A personal favorite, “What’s New?,” Severinsen informed us, was written by Bob Haggart, an original member of the “The Tonight Show” house-band, which the oldster oversaw for 30 years — from 1962 to 1992. Good lord, that’s a long run.
Love the gorgeous Valley Performing Arts Center: its elegant, high ceiling’ed lobby so schmooze-able; its cozy but grand theater porting warm acoustics. The theater’s very air feels crisp given the LEEDS-certified status of the “green” building, which graces the southeast corner of the Cal State Northridge campus. CSUN staff merits praise for keeping the facility spotlessly clean.
Adding even more nostalgia to the night was songbird Mary Wilson, a founding member of the original Supremes, elegant in a long silver-lame, side-split gown and ably supported as a chanteuse by the Severinsen band. Teamed with two back-up singers, Wilson celebrated several of the 12 number-one hits with which the Detroit-based girl-group pummeled pop music charts fifty years ago, starting in 1964.
Exceptional to re-encounter was “The Happening” from 1967, all the more marvelous for the presence in the audience of Eddie Holland, of Motown’s legendary creative team Holland, Dozier, Holland.
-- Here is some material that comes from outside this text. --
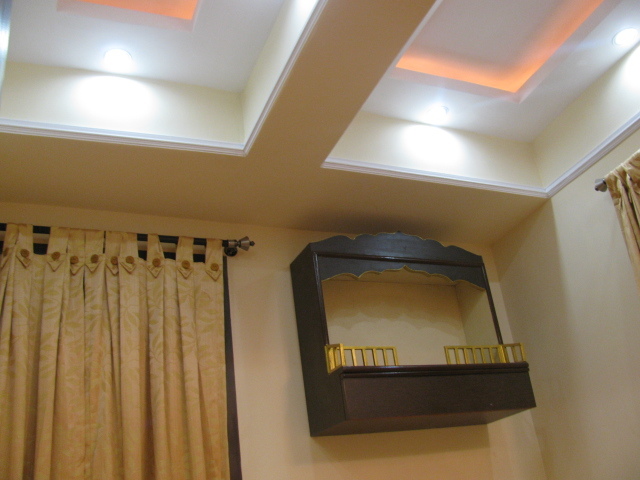 Home Interior Design Services - Customizable Wood & Fabrics | Aesthetic Appeal, Budget Adherence, Client Collaboration, Space Planning, Material Selection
Righteously, Wilson gave him a shout-out.
autograph photos: Maureen Rubin, Valley Performing Arts Center
Loved reading about Doc Severinsen and Mary Wilson — two wonderful performers whom I got to work with at the beginning of my PR career. Mary Wilson headed The Supremes then and I got to book LA media interviews for them upon their return from a Japan tour. Mary’s daughter Turquesa was not even a year old at the time and Mary brought her on some interviews.
I worked with Doc Severinsen at another PR agency. I even traveled to East Texas for “Doc Severinsen Day” in Daingerfield, a little town in East Texas where he owned a radio station. Somewhere there exists two photos of me with Doc. In one, he’s facing the camera. In the other, his back is to the camera, to show the fancy applique on his denim jacket.
Arriving by myself late at night in Daingerfield (which seemed in the middle of nowhere), I felt better when the radio in my little motel room played “You’ll Never Find,” sung by another agency client, the great Lou Rawls.